Top of Dataset excerpt
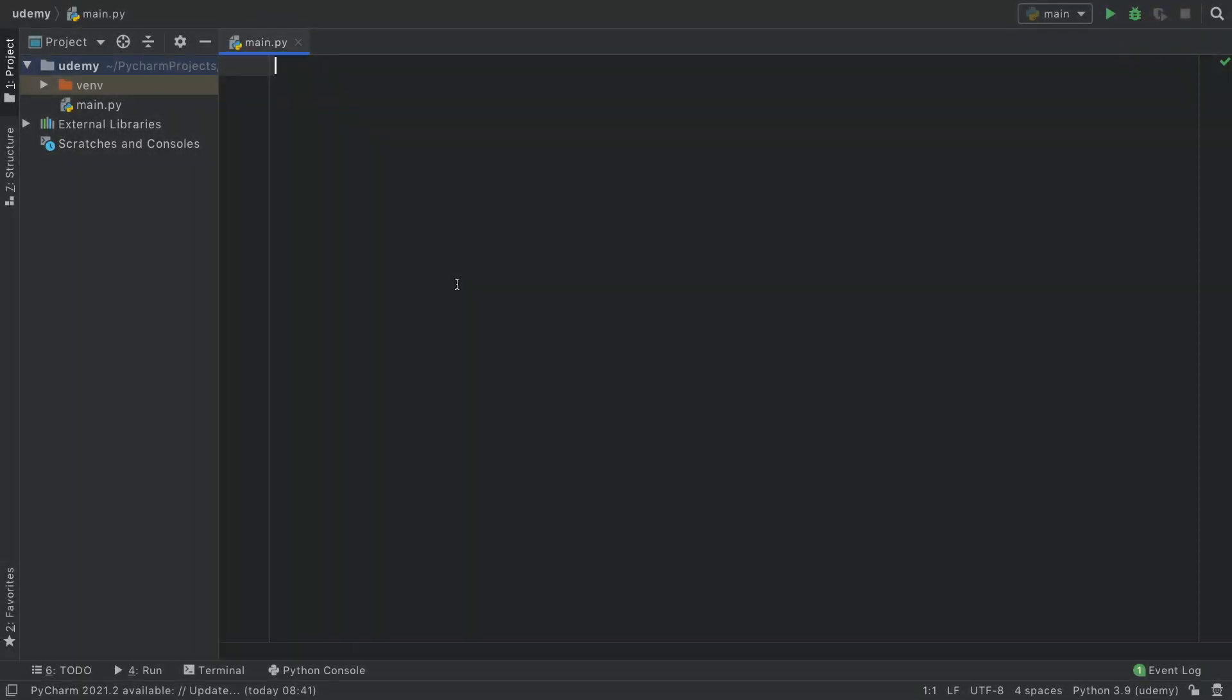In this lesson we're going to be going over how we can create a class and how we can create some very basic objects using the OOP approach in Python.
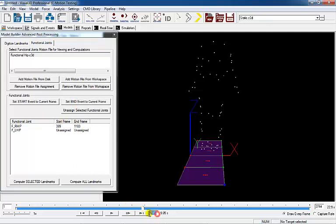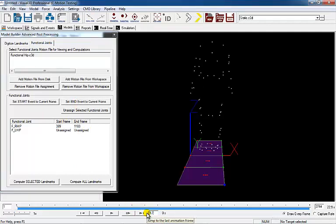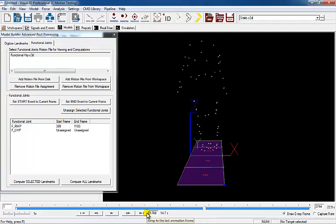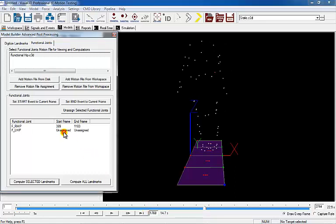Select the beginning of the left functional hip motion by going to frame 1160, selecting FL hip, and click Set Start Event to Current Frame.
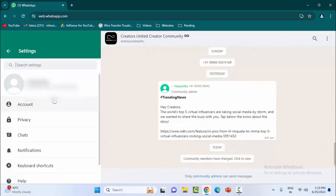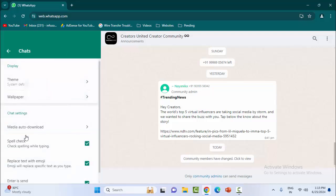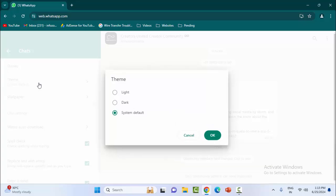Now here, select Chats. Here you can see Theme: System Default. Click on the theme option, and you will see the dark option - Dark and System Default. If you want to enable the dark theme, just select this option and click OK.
Bottom of Dataset excerpt
# Required action
Without the pictures, transcribe the listing above exactly.

# Exercise answer
In this lesson we're going to be going over how we can create a class and how we can create some very basic objects using the OOP approach in Python.
Select the beginning of the left functional hip motion by going to frame 1160, selecting FL hip, and click Set Start Event to Current Frame.
Now here, select Chats. Here you can see Theme: System Default. Click on the theme option, and you will see the dark option - Dark and System Default. If you want to enable the dark theme, just select this option and click OK.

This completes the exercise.